‘First Date’ is a silly, confounding entry in the awkward teen comedy genre
REVIEW: Even with its constantly rotating cast of characters, all of which are underdrawn and indecipherable, and its progressively madcap plot, 'First Date' is a weak entry into the genre
We’ve seen it before. The shy, doe-eyed teenage boy that is awkwardly pulled into a whole host of hijinks as he secretly pines for the girl who barely even know he exists. Think Michael Cera in Superbad or, well, many of his other movies. Or the young boys on Freak and Geeks. It’s an age-old shtick that Hollywood has long adored. And now, writers-directors Manuel Crosby and Darren Knapp are cashing in on it with their film, First Date. Trouble is, they strike out.
It happens almost immediately in the film. Premiering at Sundance this year, First Date subverts the typical white male protagonist with their star Tyson Brown as Mike, a terribly shy adolescent living in suburbia who, at the encouragement of his polar opposite friend, Brett (Josh Fesler), asks out his crush, Kelsey (Shelby Duclos). Surprisingly, because the two characters—as well as the actors—have very little chemistry even over the phone, she says yes. But just when Mike begins to count his lucky stars, Brett brings him right back down to earth: he has no car in which to take her out.
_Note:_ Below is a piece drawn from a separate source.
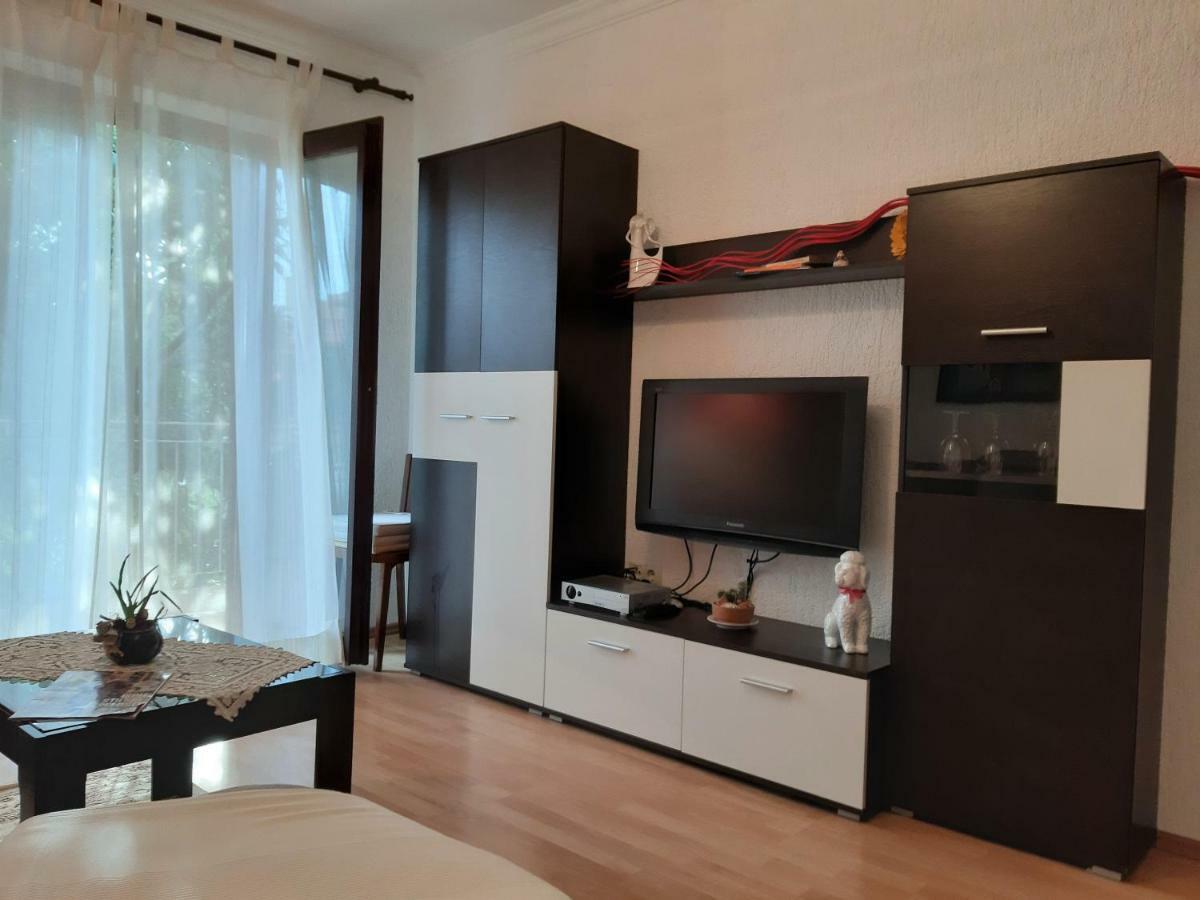 Apartments Rozic Rab Town Bagian luar foto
As most kids do, Mike turns to his fun-loving parents (Keldamusik and NJ Brown, who are hilarious but hardly appear in the movie) to borrow their car, but they already have plans to use it. You would think that, presumably if First Date takes place in present day (it is too nondescript to tell either way), Mike would just hop in an Uber and pick up Shelby—and probably concluded the movie before it really begins. But no, it becomes a whole thing, and unfortunately, the entire premise of this film.
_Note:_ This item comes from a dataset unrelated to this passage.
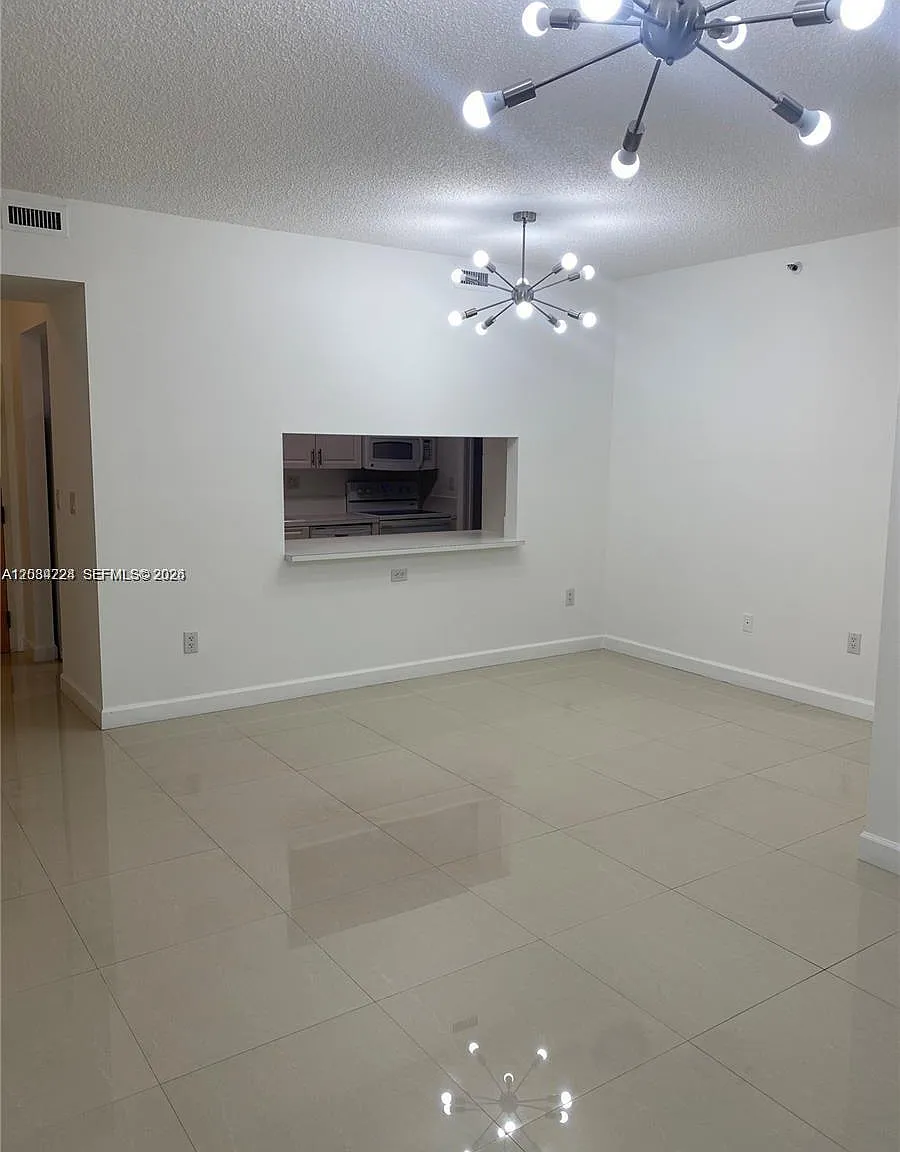 Doral House Condo No 2 — Photo 1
Upon, as you might have you guessed, Brett’s advice, Mike borrows a car from Dennis (Scott E. Noble), an obviously shady man who is way too confident that a teenage boy would unironically be interested in a 1965 Chrysler–that looks like something not even his parents, the hipsters that they are, would look at.
And it doesn’t look like something that would impress Shelby, which is the whole point here. It’s hard to tell whether Brown is just playing it extremely cool, or if Mike is actually oblivious to the apparent fraud in front of him, but he accepts the offer for $2,700 (which he totally could have used to rent a nicer car for the night, to be honest). And shenanigans ensue.
But man, are they ridiculous—and not in the over-the-top way you expect and appreciate from the genre. Rather, it’s increasingly absurd. This raggedy car has drug stashed in it, which of course upsets (to put it lightly) the hotheaded dealers that are after it. They’re not the only ones keeping Mike from having a great time with Shelby that night. Oddly enough, there are several people invested in the giant lump of metal, including an older couple with nostalgia and a couple of crooked cops. But even as the crazy night escalates, Mike barely bats an eyelash.
You would almost think he somehow anticipates this happening because of the way Brown plays it. Mike is apathetic, almost aloof at times and completely unfazed by the fact that, for instance, strangers just want to ride in his backseat for the memories. And he actually obliges!
While Manuel Crosby and Darren Knapp may have decided Mike’s insouciance would play well against the wacky characters that intervene on his way to Shelby’s, Brown’s dull portrayal actually makes every punchline fall flat. It’s hard to root for Mike, mostly because he brings a lot of what happens to him on himself, and you also just don’t care about what happens to him. Because he doesn’t seem to either.
Even with its constantly rotating cast of characters, all of which are underdrawn and indecipherable, and its progressively madcap plot, First Date is a weak entry in a genre that is at its best when the comedy is sharp, well written, and more thoughtful. The film ultimately has no point. And even though, the protagonist’s main objective is clear from the start, you become less interested in whether he gets the girl either way. That’s because they seem like a miscast couple, and the effort it takes to get through everything that precedes that moment is just not worth it.
Silly, empty, and entirely perplexing, First Date never really hits it off with its audience.